#### [Required action]
Reproduce all of the entries character for character, while leaving out any pictures they contain.
**** Material for this task ****
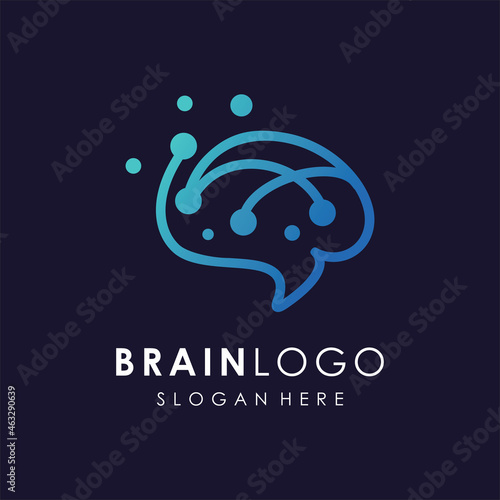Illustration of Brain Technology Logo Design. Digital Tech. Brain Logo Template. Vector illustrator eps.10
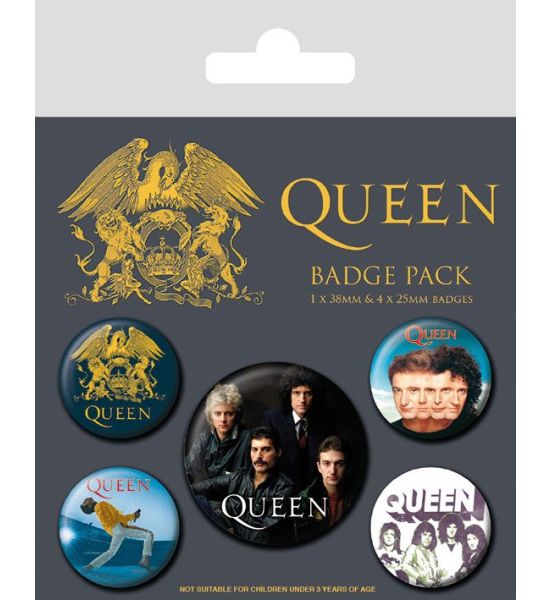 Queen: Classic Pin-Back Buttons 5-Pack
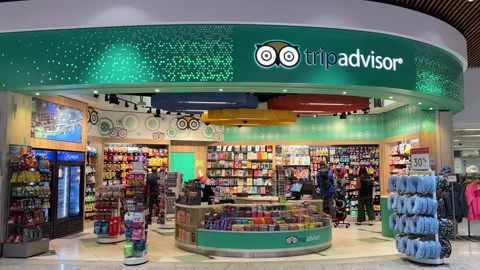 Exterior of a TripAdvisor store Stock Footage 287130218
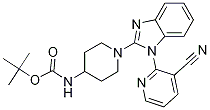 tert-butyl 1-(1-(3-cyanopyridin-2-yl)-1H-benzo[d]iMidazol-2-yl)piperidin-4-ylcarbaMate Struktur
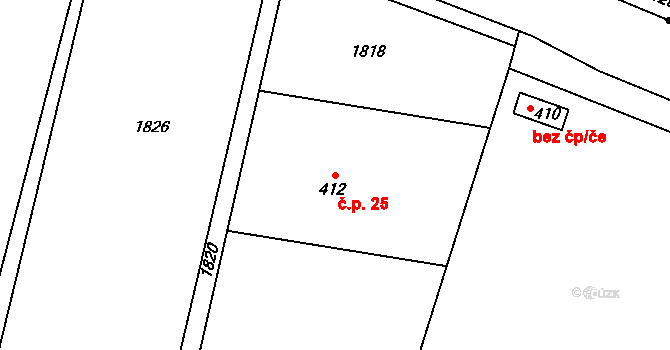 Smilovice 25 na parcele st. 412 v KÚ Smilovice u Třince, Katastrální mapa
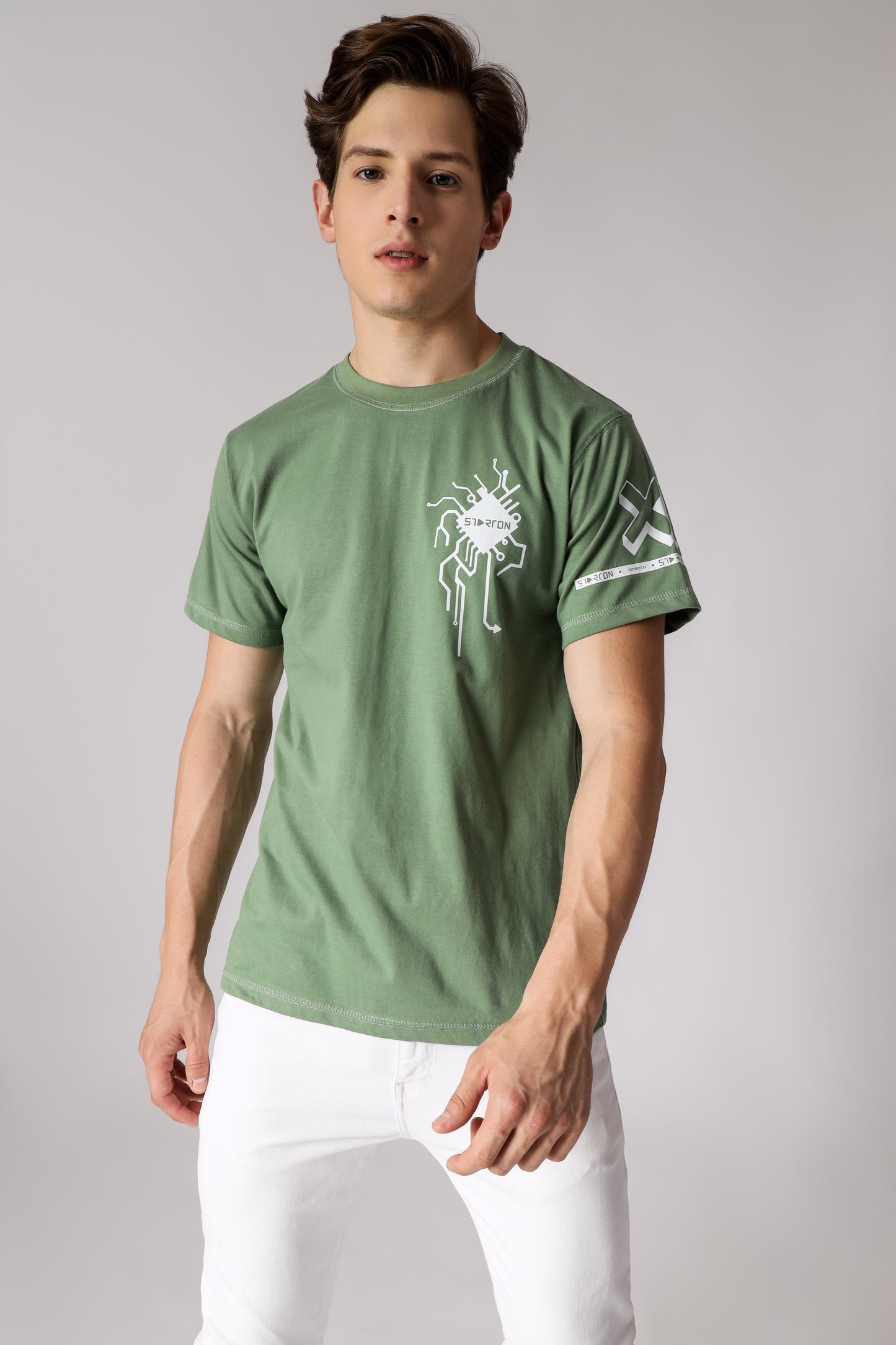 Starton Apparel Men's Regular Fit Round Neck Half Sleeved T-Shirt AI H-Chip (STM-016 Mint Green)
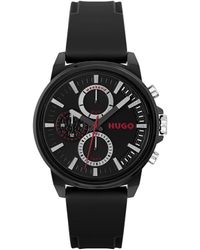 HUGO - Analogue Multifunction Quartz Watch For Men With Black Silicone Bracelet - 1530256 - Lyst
****
#### [Output for this task]
Illustration of Brain Technology Logo Design. Digital Tech. Brain Logo Template. Vector illustrator eps.10
 Queen: Classic Pin-Back Buttons 5-Pack
 Exterior of a TripAdvisor store Stock Footage 287130218
 tert-butyl 1-(1-(3-cyanopyridin-2-yl)-1H-benzo[d]iMidazol-2-yl)piperidin-4-ylcarbaMate Struktur
 Smilovice 25 na parcele st. 412 v KÚ Smilovice u Třince, Katastrální mapa
 Starton Apparel Men's Regular Fit Round Neck Half Sleeved T-Shirt AI H-Chip (STM-016 Mint Green)
 HUGO - Analogue Multifunction Quartz Watch For Men With Black Silicone Bracelet - 1530256 - Lyst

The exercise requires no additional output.